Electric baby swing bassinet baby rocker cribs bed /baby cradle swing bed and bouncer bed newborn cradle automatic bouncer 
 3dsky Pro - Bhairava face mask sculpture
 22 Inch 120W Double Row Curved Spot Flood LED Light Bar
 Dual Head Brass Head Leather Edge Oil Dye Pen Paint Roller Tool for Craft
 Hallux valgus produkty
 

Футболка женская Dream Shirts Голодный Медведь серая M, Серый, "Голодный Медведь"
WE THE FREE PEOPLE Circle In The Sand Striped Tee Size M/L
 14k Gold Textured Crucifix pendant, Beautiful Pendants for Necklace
○ ○ ○ ○ ○
**What to produce:** Every word of the data above should be given again, exactly as it stands.

**Reply to the exercise:**
Electric baby swing bassinet baby rocker cribs bed /baby cradle swing bed and bouncer bed newborn cradle automatic bouncer 
 3dsky Pro - Bhairava face mask sculpture
 22 Inch 120W Double Row Curved Spot Flood LED Light Bar
 Dual Head Brass Head Leather Edge Oil Dye Pen Paint Roller Tool for Craft
 Hallux valgus produkty
 

Футболка женская Dream Shirts Голодный Медведь серая M, Серый, "Голодный Медведь"
WE THE FREE PEOPLE Circle In The Sand Striped Tee Size M/L
 14k Gold Textured Crucifix pendant, Beautiful Pendants for Necklace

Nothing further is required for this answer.